19世紀末、アリゾナの荒野で金を探していたジョンは異世界に飛ばされる。砂漠で目覚めたジョンは好戦的部族に捕えられ厳重な監視下に置かれてしまう。すぐ近くでは2国間の戦闘が起き、超文明・サーン族から新兵器を与えられたゾダンガ王国がヘリウム王国を圧倒していた。

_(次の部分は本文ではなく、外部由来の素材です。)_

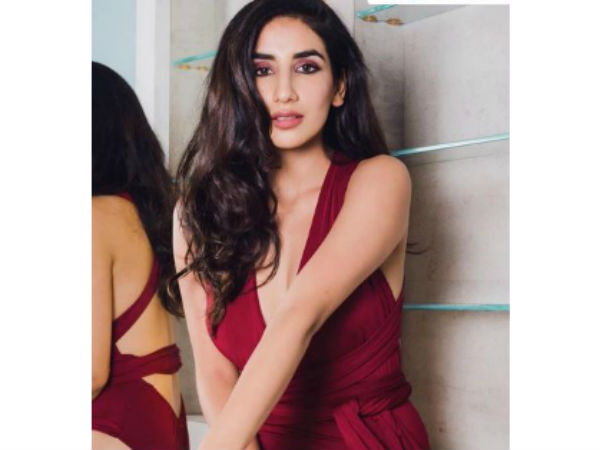 హాట్ హీరోయిన్ ప్రశంసలు 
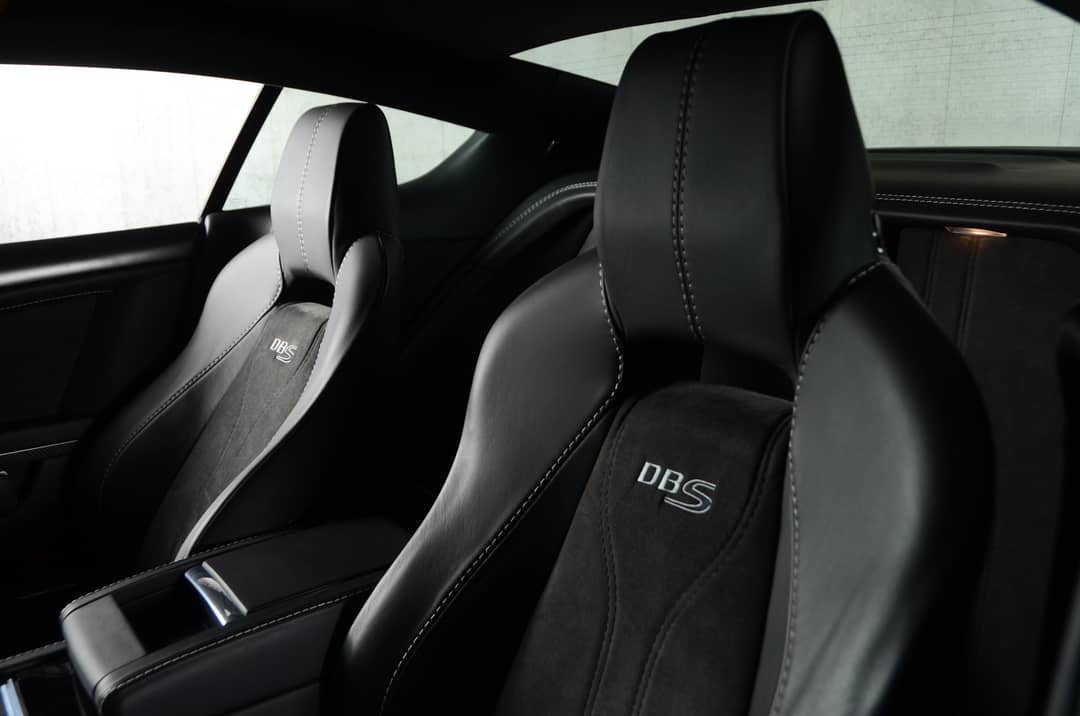 2009 Aston Martin DBS — photo 36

何度逮捕・投獄されても脱獄を繰り返すジョンは不屈の魂を持った自由人で、妻子を失った悲しみから他人との関わりを避けている。ところが、己を犠牲にしても故国を救おうとするヘリウムの王女・デジャーに徐々に心を奪われていく。そして、彼らの戦争に首を突っ込んで大活躍するが、ストーリーの展開だけでなくアクションの目玉となる戦闘シーンなどもどうもぬるく、ジョンの成長物語としても見るべきポイントが乏しい。

◆ネタばれ注意! 以下 結末に触れています◆

そもそも、命を狙われたジョンから電報を受け取った彼の甥が、ジョンが遺した日記を読むうちにファンタジーの世界に観客をいざなう設定なのだが、その過程に隠されたジョンの「死」の秘密こそが最大の見せ場。結局、火星を舞台にしたスペクタクルよりも、19世紀の開拓地やニューヨークでのエピソードのほうがミステリアスな味わいがあって楽しめた。ただ、これでは本末転倒だと思うが。。。